Here are some potential strategies for you:
Direct Messages via Linkedin, Facebook, Instagram (depending on your target customer)
Outbound Email (with some Email Sequences)
Outbound Phone Calls
Social Network Groups (e.g. Facebook Groups or LinkedIn Groups)
For all those methods it’s crucial to have a well-defined target customer persona.
3. Be human and don’t sell your product in the first step
A lot of inexperienced founders or technical founders think they need to have the ‘perfect’ sales pitch and just use a template to win the client. My experience is the more natural and human you are in your cold outreach the more successful you will be. Don’t use sales scripts, show up as a human and personalize your message to each potential customer. Don’t sell your product in the first step, rather spend time with the customer, ask questions, understand their specific situation and challenges, and then (in case the customer is qualified) try to sell your product and win the deal.

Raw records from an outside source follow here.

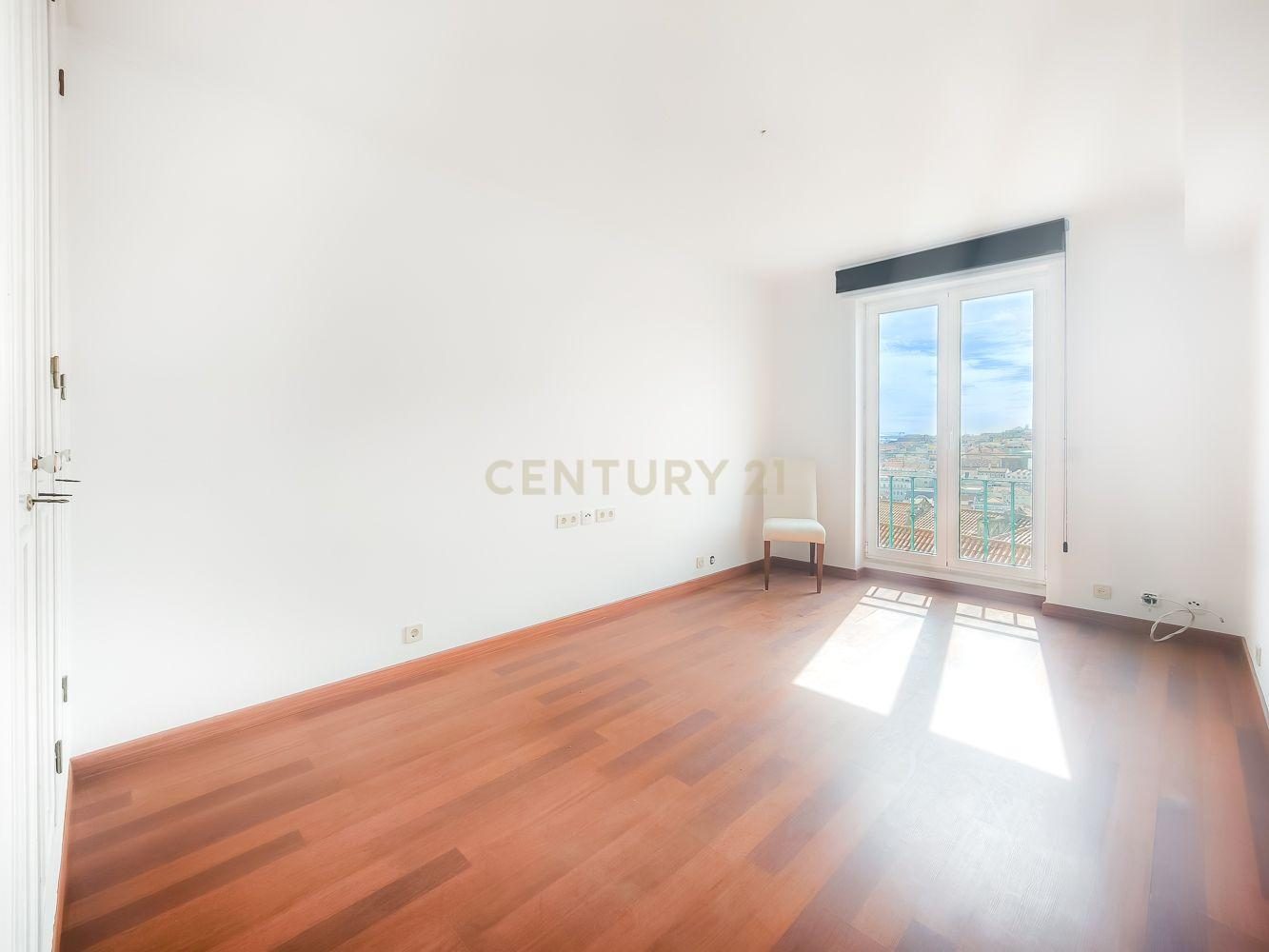T2 Apartment in Costa do Castelo with Garage and Lift - image 11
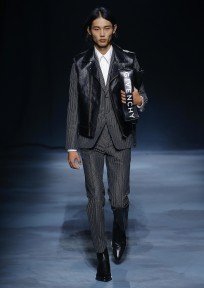 Look 37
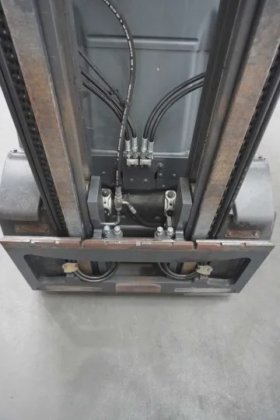 林德四轮前叉车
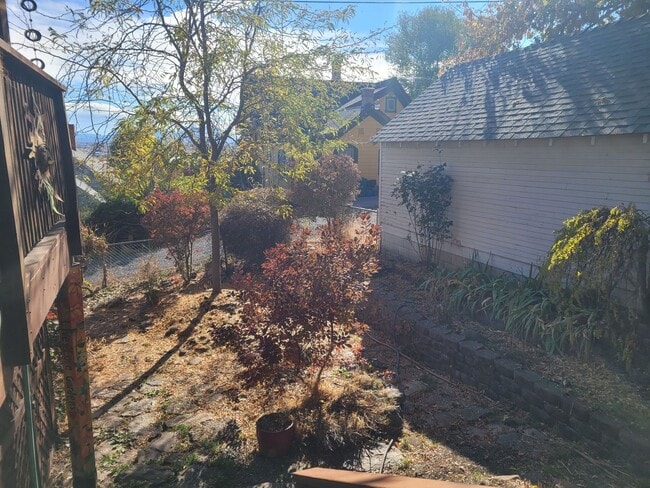 Building Photo - 3 bedroom 2 bath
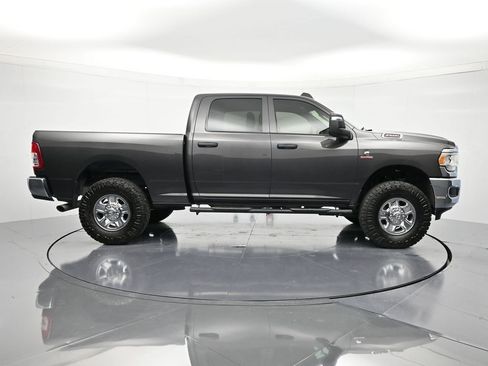 Used 2024 RAM 2500 Tradesman w/ Chrome Appearance Group image 5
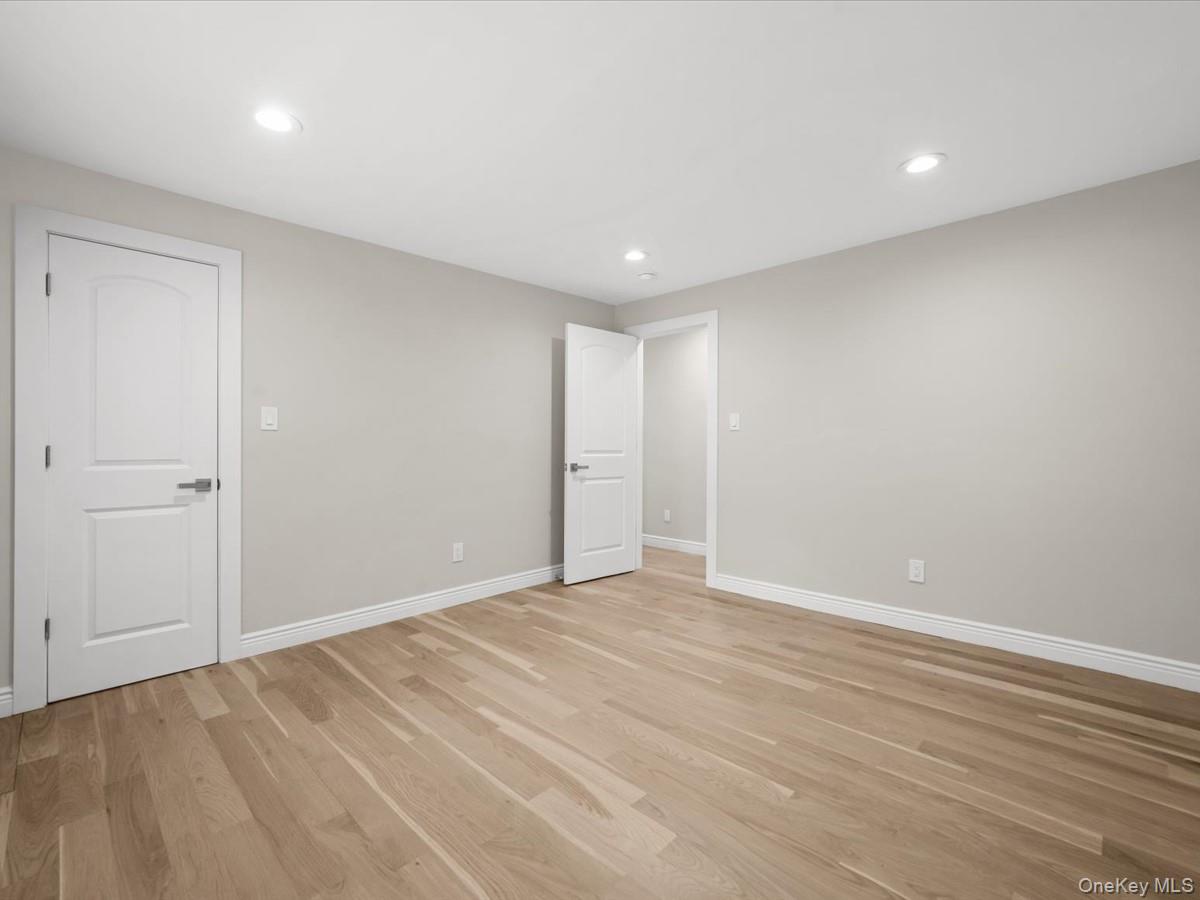 10 W Terrace Road – For Sale photo 14
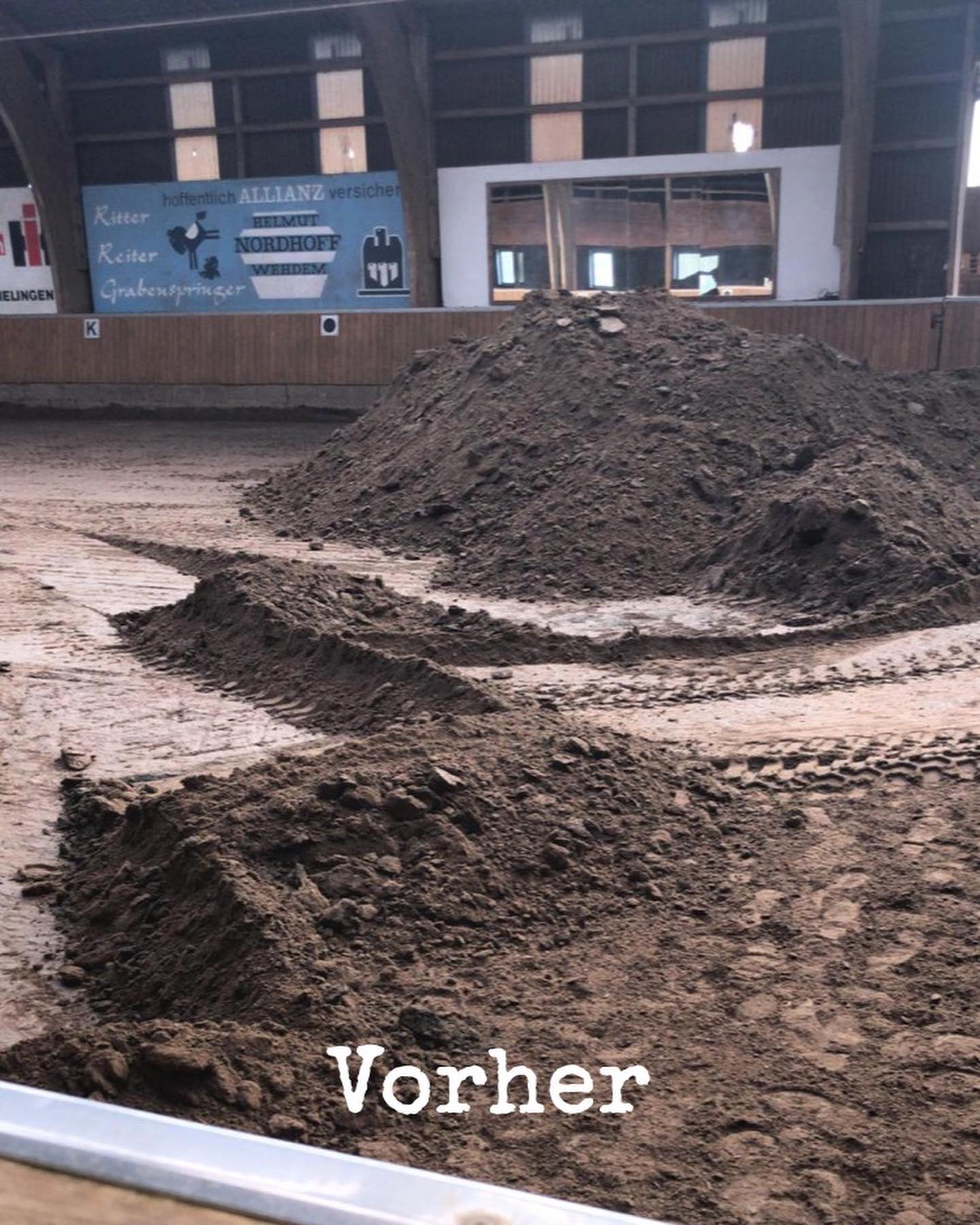 ? Neuer Hallenboden ?
Aus alt macht neu. Endlich haben wir unseren neuen Hallenboden. ?
Dank der Firma Wernke wurde das ganze super schnell erledigt und der Boden sieht wieder gut aus. Ab Montag kann dann also wieder fleißig geritten werden. ✅
Jetzt fehlt nur noch die neue Beregnungsanlage, die ebenfalls in kürze ersetzt werden soll.
#boden #hallenboden #reiten #voltigieren #neu #alt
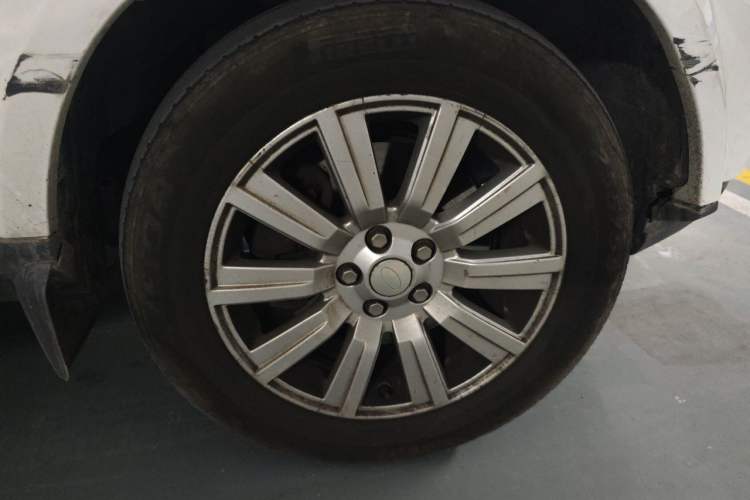 Used Land Rover Discovery 2014 3.0 SDV6 HSE Diesel Edition Right Front Wheel Hub
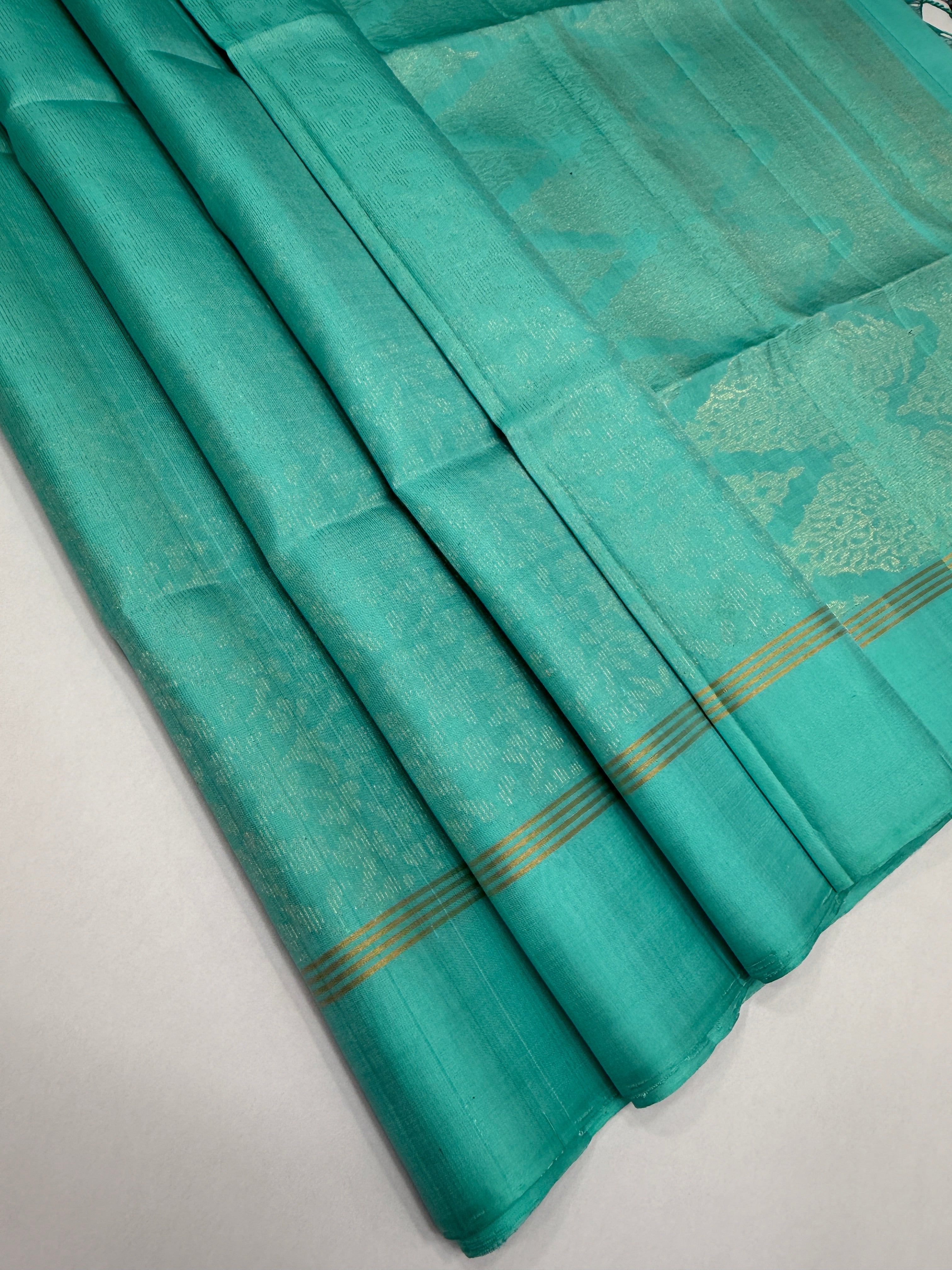 VSA672 - sea blue color body , color pallu , blouse pure silk saree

4. Find customers, who love your product
As described in the first paragraph, in an ideal scenario you've already done interviews with potential customers before you've built the product. This means, just following up with them and showing them the product. The chances are high that they love it and want to be your first customer. Depending on your product, it could also make sense to sign LOIs with those customers before you start building the product (mostly relevant for B2B Enterprise SaaS). You should aim to find first customers who really love your product and see high value in it. Don’t make the mistake of onboarding hard customers or just anyone who is interested but does not fit your target persona (more Infos in the following sections). And don’t underestimate the extra motivation boost you’ll get if your first customers love you and your product and give you positive feedback.
5. Avoid hard customers
If it's getting hard for you to win your first customers, this is a strong indicator that you most probably do not really solve an existing problem for your customers. This means going back to step 1 and starting iterating.
6. Qualify your customers - don't sell to every interested prospect
How to make sure that a prospect is a qualified customer?
Actually declining interested prospects can help you to focus on the right customers. Oftentimes I see start-ups being super happy about every single prospect interested in using their product. I would highly recommend qualifying your prospects to make sure you only serve the right target group. A good way to do this is to ask prospects 3-5 qualifying questions - depending on their answers you can easily decide if those are the right fit or not.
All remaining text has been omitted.